San Tommaso Becket, martire
Per buona parte della sua vita era stato un uomo di mondo, ma quando Dio lo chiamò a essere pastore di anime san Tommaso Becket (ca 1119-1170) si batté fino al martirio per difendere la libertà della Chiesa, senza cedere a compromessi con il potere.
Per buona parte della sua vita era stato un uomo di mondo, ma quando Dio lo chiamò a essere pastore di anime san Tommaso Becket (ca 1119-1170) si batté fino al martirio per difendere la libertà della Chiesa, senza cedere a compromessi con il potere.

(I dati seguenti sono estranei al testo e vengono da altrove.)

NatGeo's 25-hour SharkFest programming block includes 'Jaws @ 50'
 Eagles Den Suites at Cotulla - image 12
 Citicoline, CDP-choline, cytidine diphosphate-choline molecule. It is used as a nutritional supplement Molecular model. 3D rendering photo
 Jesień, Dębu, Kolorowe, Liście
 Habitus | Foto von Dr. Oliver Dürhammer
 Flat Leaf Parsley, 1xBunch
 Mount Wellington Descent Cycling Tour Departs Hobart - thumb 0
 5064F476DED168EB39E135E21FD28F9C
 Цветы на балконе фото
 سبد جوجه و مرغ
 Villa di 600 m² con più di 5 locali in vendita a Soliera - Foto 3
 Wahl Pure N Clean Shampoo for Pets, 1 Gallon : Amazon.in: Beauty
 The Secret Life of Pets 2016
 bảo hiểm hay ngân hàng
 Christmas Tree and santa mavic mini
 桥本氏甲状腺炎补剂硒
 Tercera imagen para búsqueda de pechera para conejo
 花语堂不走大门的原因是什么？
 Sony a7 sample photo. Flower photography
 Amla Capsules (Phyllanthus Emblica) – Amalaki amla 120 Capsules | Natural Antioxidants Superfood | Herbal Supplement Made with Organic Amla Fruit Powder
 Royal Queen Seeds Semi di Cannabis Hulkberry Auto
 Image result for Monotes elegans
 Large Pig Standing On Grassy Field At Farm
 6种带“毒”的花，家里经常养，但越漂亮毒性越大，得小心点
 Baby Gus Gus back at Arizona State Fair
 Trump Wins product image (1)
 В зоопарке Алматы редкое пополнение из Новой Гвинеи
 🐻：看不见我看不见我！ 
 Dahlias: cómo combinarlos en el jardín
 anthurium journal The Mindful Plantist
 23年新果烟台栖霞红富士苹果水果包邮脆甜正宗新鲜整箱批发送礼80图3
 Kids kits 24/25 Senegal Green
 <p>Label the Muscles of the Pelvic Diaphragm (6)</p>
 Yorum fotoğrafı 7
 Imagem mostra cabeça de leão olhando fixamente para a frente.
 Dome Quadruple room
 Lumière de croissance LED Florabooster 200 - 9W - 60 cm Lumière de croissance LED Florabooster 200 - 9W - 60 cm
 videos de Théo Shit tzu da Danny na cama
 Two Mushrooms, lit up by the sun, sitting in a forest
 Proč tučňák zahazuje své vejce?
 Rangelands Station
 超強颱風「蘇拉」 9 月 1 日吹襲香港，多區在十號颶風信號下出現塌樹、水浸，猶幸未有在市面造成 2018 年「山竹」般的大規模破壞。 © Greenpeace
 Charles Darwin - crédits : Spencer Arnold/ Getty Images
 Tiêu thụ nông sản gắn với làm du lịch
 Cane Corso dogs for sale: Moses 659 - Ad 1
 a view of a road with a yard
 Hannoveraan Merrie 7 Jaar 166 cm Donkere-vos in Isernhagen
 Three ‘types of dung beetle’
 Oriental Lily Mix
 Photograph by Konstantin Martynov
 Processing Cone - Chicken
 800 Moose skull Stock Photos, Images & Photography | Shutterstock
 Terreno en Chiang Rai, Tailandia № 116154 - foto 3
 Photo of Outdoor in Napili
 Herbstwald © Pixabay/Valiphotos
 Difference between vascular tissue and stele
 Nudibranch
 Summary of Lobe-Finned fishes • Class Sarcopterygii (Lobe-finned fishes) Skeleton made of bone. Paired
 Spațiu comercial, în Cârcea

Nato a Londra da genitori originari della Normandia, si era formato studiando le discipline del trivio e del quadrivio prima nella prioria di Merton e poi in una scuola londinese. Completati i primi studi, l’arcivescovo di Canterbury Teobaldo di Bec gli affidò importanti missioni a Roma, gli fece studiare diritto canonico a Bologna e Auxerre e alcuni anni dopo, nel 1154, lo nominò arcidiacono di Canterbury. Vista l’efficienza del suo collaboratore, Teobaldo lo consigliò a re Enrico II per il posto vacante di lord cancelliere, incarico che Tommaso ottenne nel gennaio 1155.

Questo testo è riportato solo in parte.